Oggi, alla fine del percorso, qual è il tuo bilancio di questa esperienza?
“La mia missione è man mano diventata, anche e non solo, una sfida d’orgoglio. Mi è stato spesso chiesto il motivo della mia scelta e, devo dire, molte volte ho pensato, soprattutto a metà percorso, di trasferirmi in un’università più vicina. Nel momento in cui, però, durante una normale conversazione a riguardo mi risposero: “Fai bene, così concludi velocemente visto che giù gli esami li regalano”, nonostante tu sapessi dentro di te quanto è difficile superare ciascuna prova e quanta ansia dovessi affrontare ogni volta. Allora ho sentito quasi il dovere di portare a termine ciò che avevo cominciato, al fine di poter sottolineare, qualora la vita mi avesse riservato anche semplici soddisfazioni a livello lavorativo, di essere laureato presso l’Università di Catania“.

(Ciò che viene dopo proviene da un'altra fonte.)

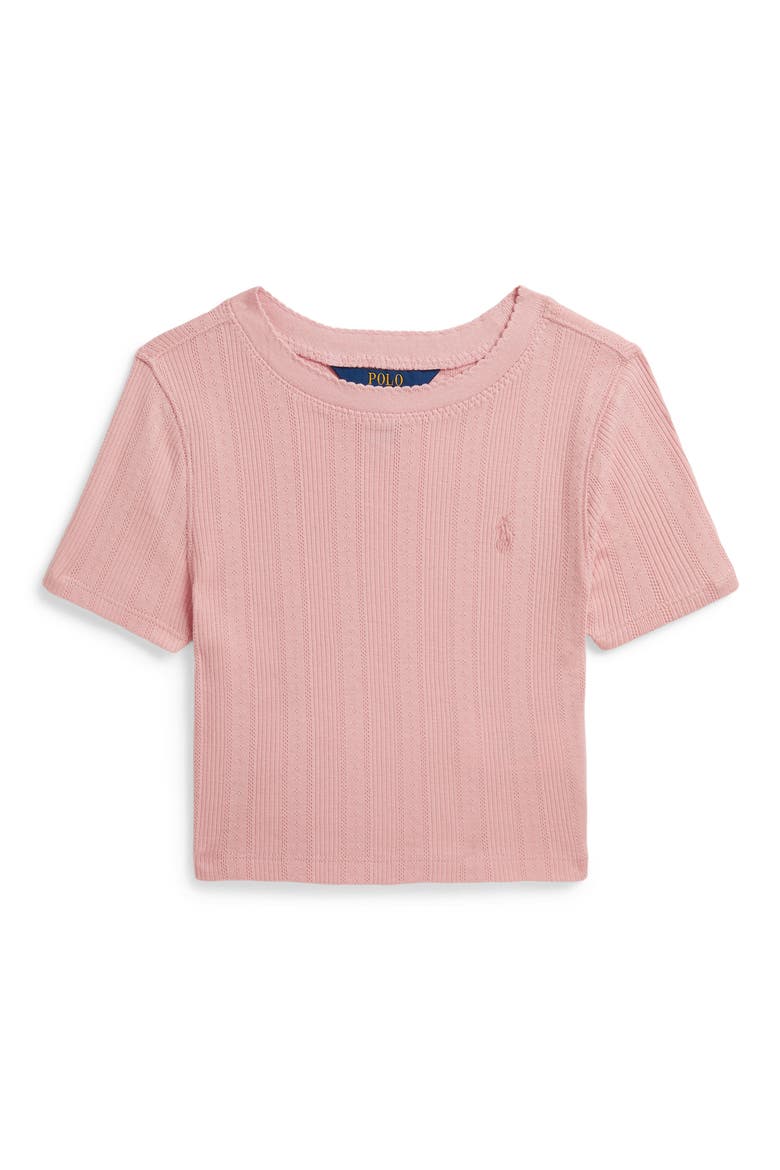 Kids' Pointelle Knit Short Sleeve Top, Main, color, ADIRONDACK ROSE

A conti fatti, consiglieresti ad altri giovani una esperienza simile alla tua?
“A chi deve intraprendere un corso di laurea, più che la mia esperienza in senso letterale, consiglio di scegliere non in base al blasone dell’istituto in sé. Anzi, bisogna far sì che ognuno porti avanti il nome degli istituti della propria terra natale, in qualsiasi regione si trovino, anche al Sud, dove molte strutture hanno ben poco da invidiare al resto del Paese“.
Intanto, però, i dati sugli immatricolati ci dicono che ogni anno c’è un vero e proprio esodo di universitari dal Sud al Nord. Secondo te perché?
“Ritengo che gran parte degli studenti opti per un’università situata al Centro-Nord più che altro nell’ottica di un inquadramento lavorativo futuro più celere e immediato. Sono indiscutibili i legami e le porte d’accesso che varie facoltà al Nord offrono agli studenti. Mi sento però di evidenziare, per quanto riguarda l’università di Catania, l’organizzazione e la puntualità dei professori, oltreché le competenze in materia“.
Ora quali sono i tuoi piani per il futuro, sia a livello professionale che personale? Sceglierai Milano o Catania?
“A livello lavorativo, purtroppo, non è possibile al momento eseguire lo stesso ragionamento proposto a livello di istruzione. Ho provato ad approcciarmi al mondo lavorativo anche in Sicilia ricevendo, però, delle delusioni. Inoltre, per chi come me ha intrapreso un percorso in ambito economico e finanziario, Milano rappresenta il vertice in Italia. Attualmente, a livello professionale e personale, sto bene. In futuro si vedrà“.